10". The device of any of embodiments 2"-7" where the venting component, illustrated in FIG. 3, is comprised of a multiplicity of grooves 4 in the needle body that enable venting of gas to prevent overpressure or underpressure when liquids are being injected into or withdrawn from the container; wherein the venting grooves are situated along the needle shaft, above the level of liquid in the container and on the section of the needle traversing the container wall or cap material.

11 ". A piercing device according to any of embodiments 2"-7", 9" and 10", with a constant diameter tip section functionalized with one or a multiplicity of venting grooves, illustrated in FIG. 2 and FIG. 3, that increases reliability by preventing bending of the shaft.

12". A piercing device according to any of embodiments 2"-7", referring to FIG. 4, with a venting component comprised of a second needle 6 affixed to the main needle.

13". A piercing device according to any of embodiments 1 "-12", referring to FIG. 5, with an anti-coring component 2 comprised of an open tubular insert immobilised within the bore of the needle tip that prevents the bore of needle from being occluded or filled with material from the cap or walls of the container by causing the material cut by the tip 1 to be pushed away from the syringe shaft as the terminus of the anti-coring section traverses the cap or walls of the container.

14". A piercing device according to any of embodiments 1 "-12", referring to FIG.

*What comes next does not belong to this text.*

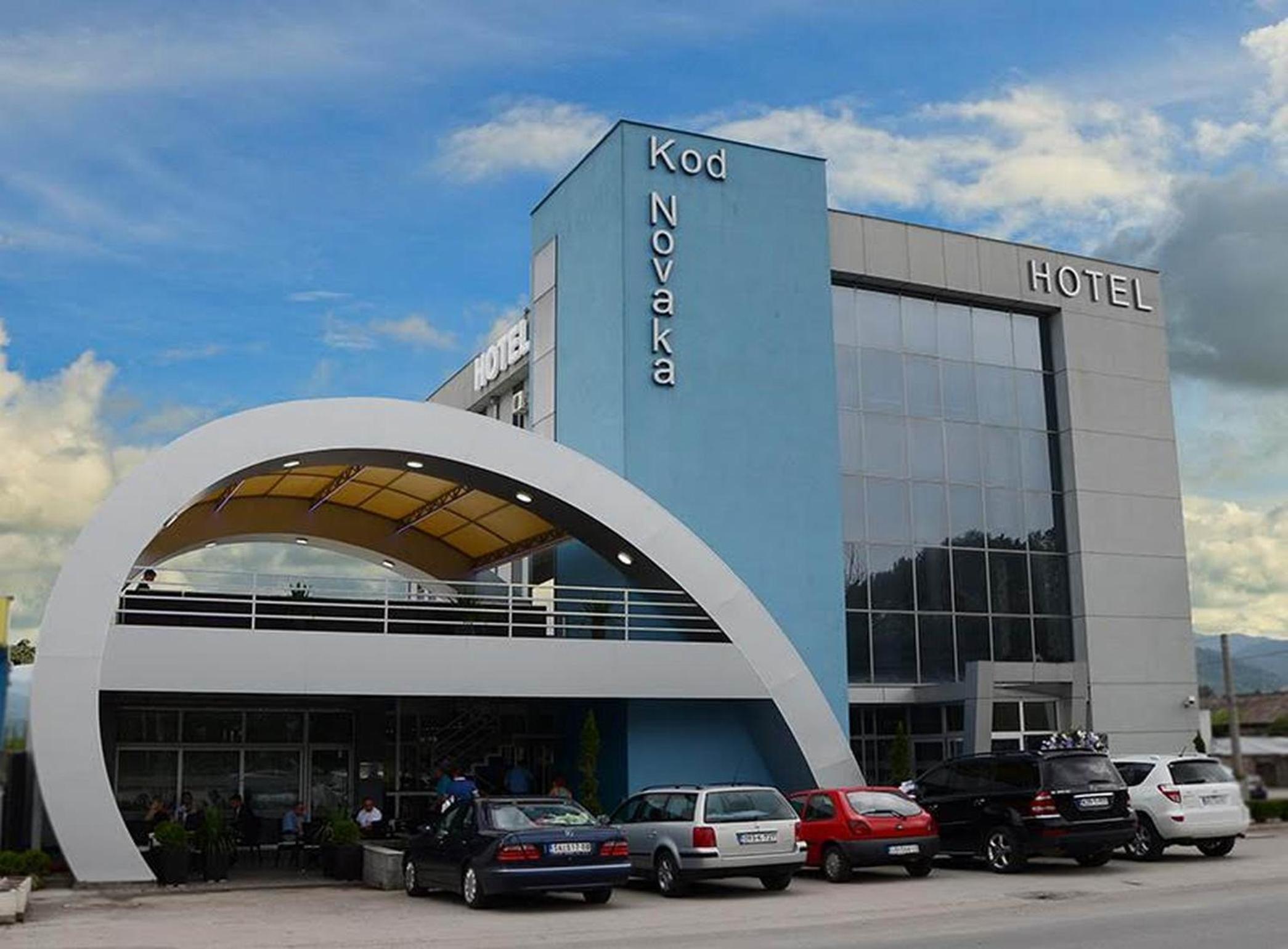 Novak Hotel 36/37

6, with a anti-coring component 2 comprised of a linear segment spanning the region between the needle tip 1 and a second point along the needle opening that prevents the bore of needle from being occluded or filled with material from the cap or walls of the container by causing the material cut by the tip 1 to be pushed away from the syringe shaft as the cutting faces of the needle traverse the cap or walls of the container.

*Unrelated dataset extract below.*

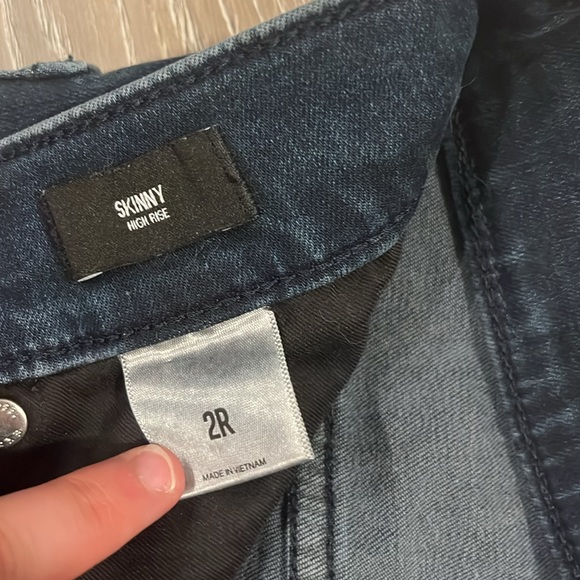 Express Skinny High Rise Dark Wash Jeans - Picture 4 of 4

15". A piercing device according to any of embodiments 1 "-12", referring to FIG.

7, with a anti-coring component 2 comprised of a linear segment that bisects the inner needle bore and spans the region between the needle tip 1 and a second point along the needle opening that prevents the bore of needle from being occluded or filled with material from the cap or walls of the container by causing the material cut by the tip 1 to be pushed away from the syringe shaft as the cutting faces of the needle traverse the cap or walls of the container.

16". A piercing device according to any of embodiments 1 "-12", with an anti-coring component comprised of a rod situated within the inner needle bore that protrudes into the chamfered cutting section of the needle terminus that prevents the bore of needle from being occluded or filled with material from the cap or walls of the container by causing the material cut by the tip to be pushed away from the syringe shaft as the anti-coring insert traverses the cap or walls of the container.

17". A piercing device according to any of embodiments 1"-16" for piercing PCR tubes.

18". A piercing device according to any of embodiments 1"-16" for piercing flat- capped PCR tubes.

19". A piercing device according to any of embodiments 1"-16" for piercing domed- capped PCR tubes.

20". A piercing device according to any of embodiments 1"-16" for piercing a PCR tube situated within a 96 PCR tube plate and sealed with a sealing film.

21 ". A piercing device according to any of embodiments 1"-20" which maintains the portion of container material cut by the needle attached to the container. [0057] While various specific embodiments have been illustrated and described, it will be appreciated that various changes can be made without departing from the spirit and scope of the disclosure(s).

7. CITATION OF REFERENCES

[0058] All publications, patents, patent applications and other documents cited in this application are hereby incorporated by reference in their entireties for all purposes to the same extent as if each individual publication, patent, patent application or other document were individually indicated to be incorporated by reference for all purposes. In the event that there is an inconsistency between the teachings of one or more of the references

incorporated herein and the present disclosure, the teachings of the present specification are intended.